L’autorité de chose jugée de la décision d’admission de créance
La décision d’admission d’une créance au passif d’un débiteur en procédure collective est revêtue, entre le débiteur et le créancier, de l’autorité de la chose jugée s’agissant de l’existence, de la nature et du montant de la créance admise ; elle interdit au débiteur de demander l’annulation du contrat qui a donné naissance à la créance (Cass. com. 14-10-1997 no 95-15.544 P ; Cass. com. 3-2-2021 no 19-14.664 F-D).

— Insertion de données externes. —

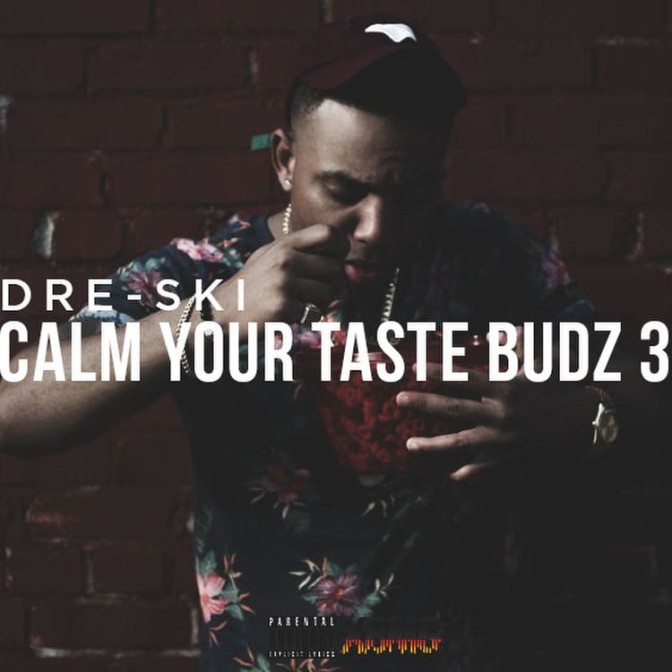 Dre-Ski – Calm Your Taste Budz 3 [Mixtape]
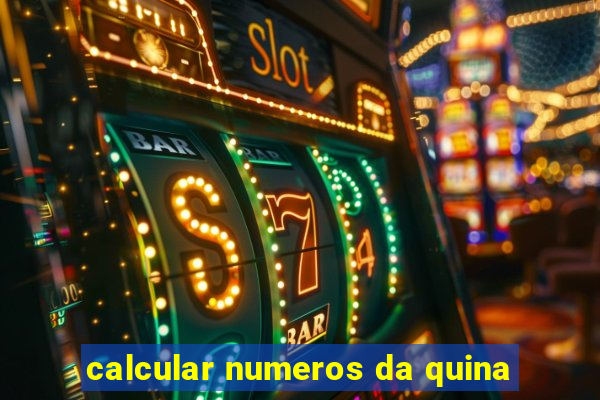 calcular numeros da quina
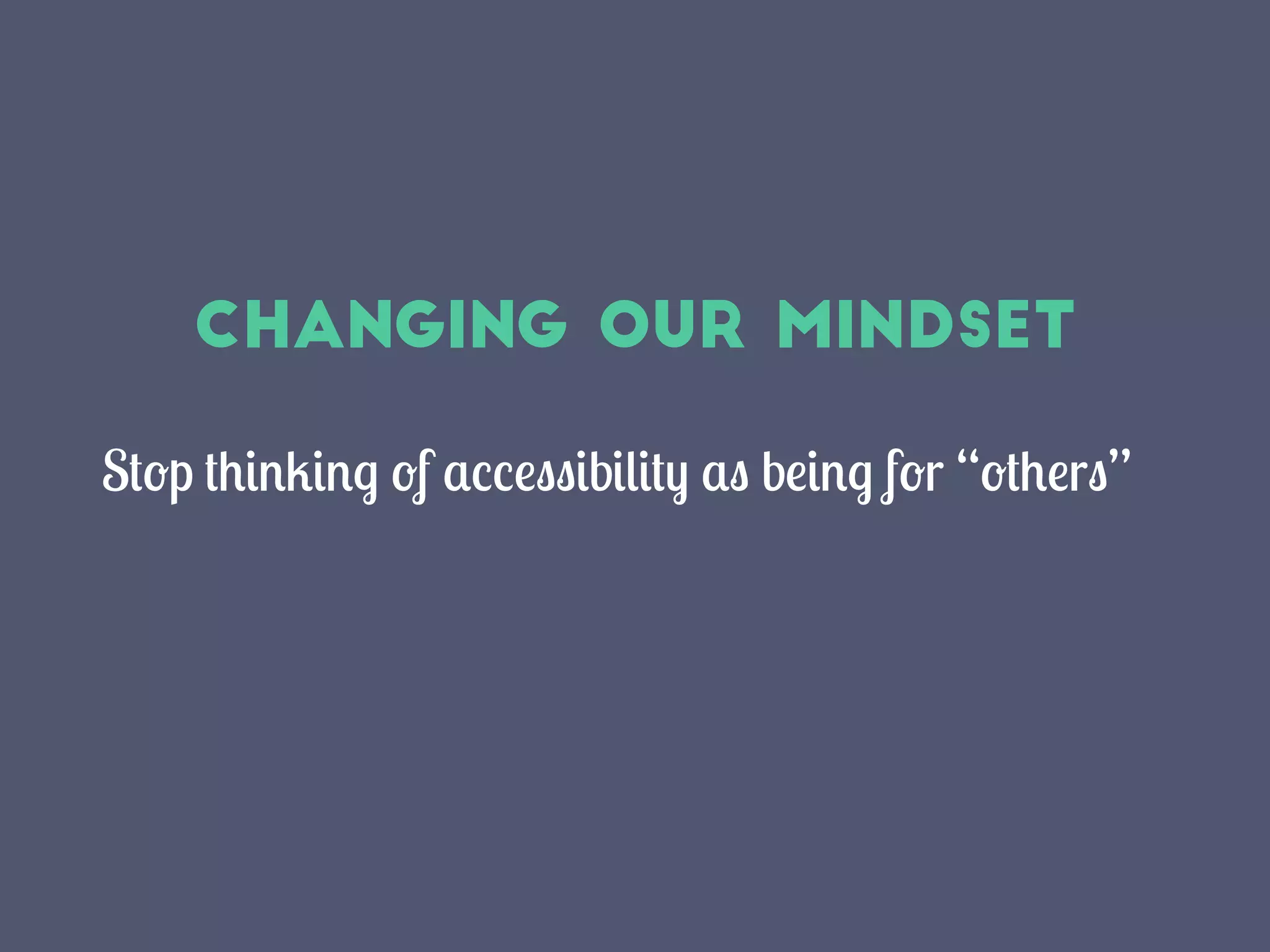 Changing our mindset
Stop thinking of accessibility as being for “others”
 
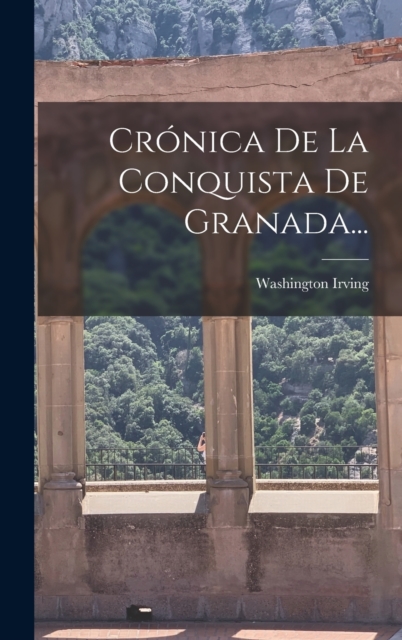 Cronica De La Conquista De Granada..., Hardback Book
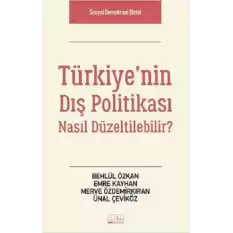 Türkiyenin Dış Politikası Nasıl Düzeltilebilir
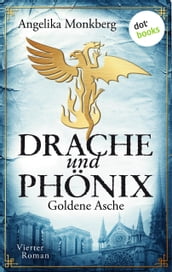 DRACHE UND PHÖNIX - Band 4: Goldene Asche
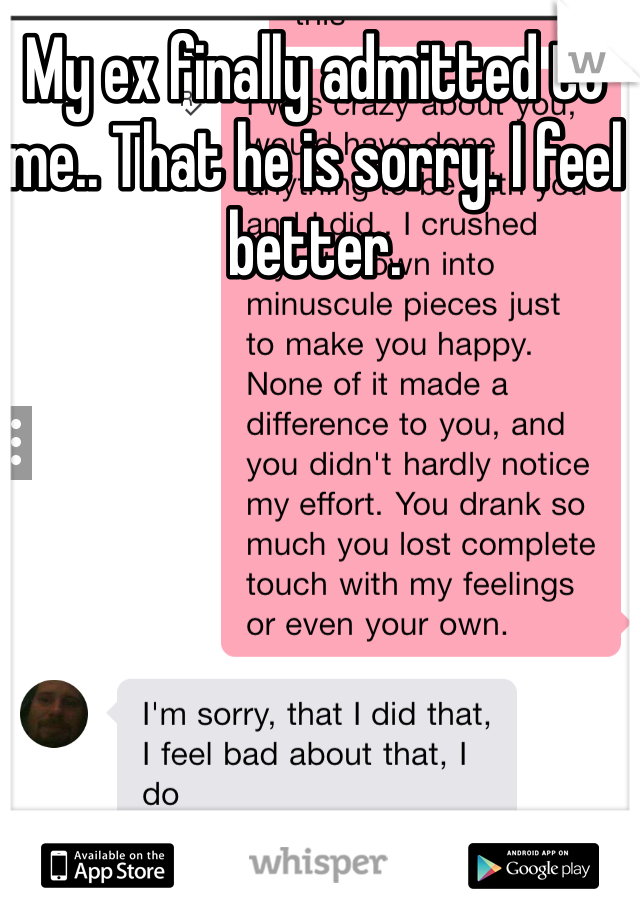 My ex finally admitted to me.. That he is sorry. I feel better. 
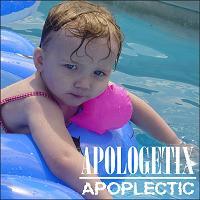 Apoplectic by ApologetiX  | CD Reviews And Information | NewReleaseToday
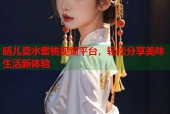 晴儿卖水蜜桃视频平台，轻松分享美味生活新体验
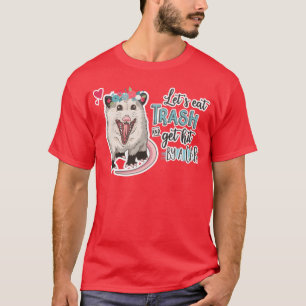 Rolig pungråtta Låt oss Eatrash Och Bli Påkörd Av  T Shirt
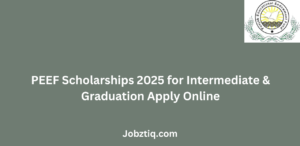 PEEF Scholarships 2025 for Intermediate & Graduation Apply Online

L’exception à l’autorité de chose jugée en matière de clause abusive
L’autorité de chose jugée de l’admission d’une créance connaît une exception notable en matière de clauses abusives figurant dans un contrat conclu avec un consommateur. Elle tire ainsi les conséquences de la jurisprudence récente de la Cour de justice de l’Union européenne (CJUE) en ce domaine. En effet, en application de la directive 93/13 du 5 avril 1993, concernant les clauses abusives dans les contrats conclus avec les consommateurs, la CJUE a notamment jugé que :
– le juge national est tenu d’examiner d’office le caractère abusif d’une clause contractuelle, dès qu’il dispose des éléments de droit et de fait nécessaires à cet effet, sauf si le consommateur, après avoir été avisé par le juge, entend ne pas faire valoir ce caractère abusif (CJCE 4-6-2009 aff. 243/08 : RJDA 10/09 no 899) ;
– cette obligation s’étend au juge statuant au stade d’une mesure d’exécution forcée : une telle mesure doit pouvoir être arrêtée ou suspendue en cas d’existence d’une clause abusive dans le contrat exécuté (CJUE 14-3-2013 aff. 415/11 ; CJUE 14-11-2013 aff. 537/12 et 116/13 ; CJUE 26-6-2019 aff. 407/18) ;
– l’autorité de la chose jugée ne fait pas obstacle, en soi, à ce que le juge national soit tenu d’apprécier, sur la demande des parties ou d’office, le caractère éventuellement abusif d’une clause, même au stade d’une mesure d’exécution forcée, dès lors que cet examen n’a pas déjà été effectué à l’occasion du précédent contrôle juridictionnel ayant abouti à la décision revêtue de l’autorité de la chose jugée (CJUE 26-1-2017 aff. 421/14 ; CJUE 17-5-2022 aff. 600/19 ; CJUE 17-5-2022 aff. 693/19 et 831/19).
Cette jurisprudence a pour origine le « principe d’effectivité », qui impose au juge national d’assurer « l’effet utile » de la protection du consommateur voulue par la directive 93/13. Pour la CJUE, la règle procédurale de droit interne relative à l’autorité de la chose attachée à une précédente décision de justice ne peut donc pas faire obstacle au contrôle juridictionnel effectif d’une clause, dès lors que, à l’occasion de la décision de justice antérieure, le juge qui a fixé la créance n’a pas examiné les clauses du contrat susceptibles d’être abusives. L’examen juridictionnel des clauses dont le caractère abusif est invoqué ne peut jamais être « implicite » mais doit, au contraire, être effectif. C’est à cette seule condition que l’autorité de la chose jugée peut être opposée au consommateur.
Si le juge-commissaire n’a pas examiné la clause d’exigibilité anticipée du prêt, il apaprtient au juge de l’exécution de procéder à cet examen.
Nonobstant l’admission de la créance à son passif, un débiteur peut faire valoir que le contrat ayant donné naissance à la créance comporte une clause abusive si le juge-commissaire n’a pas examiné cette clause lors de l’admission.